I'm ordering a CX Zero Disc Di2. Though I'm fortunate to even have a local dealer, they don't actually have that model (or many others) in stock. What's the chance of finding a stocking Colnago dealer with many models in many sizes in inventory? Ain't gonna happen. So, we're calculating the correct frame size for me based on bikes I currently ride and the geometry charts from Colnago's site. As we all know a 56cm Colnago frame is not the same size at a 56cm 'traditional' frame. If it were a common diamond frame, it would be easier to know the real (not 'effective') seat and top tube lengths. But with the variety of frame shapes Colnago produces, there is a geometry chart for every model. I ride a 56cm specialized Tarmac and a 56cm Lynskey, both with slightly sloping top tubes but dimensioned to a theoretical horizontal top tube.
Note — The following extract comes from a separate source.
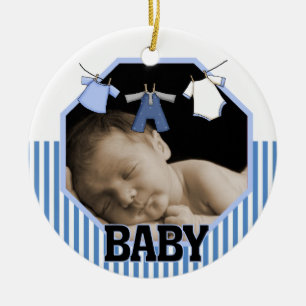Kleidung auf einem Line Baby Boy Foto Ornament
I'm used to sizing a frame by the seat tube (center to center, for example). Seems now that frames are sized by the top tube. Bottom line is that there is a bit of calculation, guesswork and hope that an expensive bike that is special ordered will fit me. We ordered a 54cm. Any input or experience of yours is welcome.


----------



## Special Eyes (Feb 2, 2011)

Apparently Colnagos are not common enough for anyone to provide any experience regarding my request. I got the bike yesterday, and it was the right size for me. I would say, in general, that you should select a Colnago sizing number that tis two centimeters less than what you would normally ride. I typically ride a 56cm frame and my Colnago is a 54. I'll post up some pics in a few days.


----------



## Bikephelps (Jan 23, 2012)

Colnago sizing is different. I ride a Master with a horizontal top tube. My Colnago is a 59 cm. I have a Specialized Roubaix 56 cm. The best way to size a Colnago is to compare virtual top tube c to c.


----------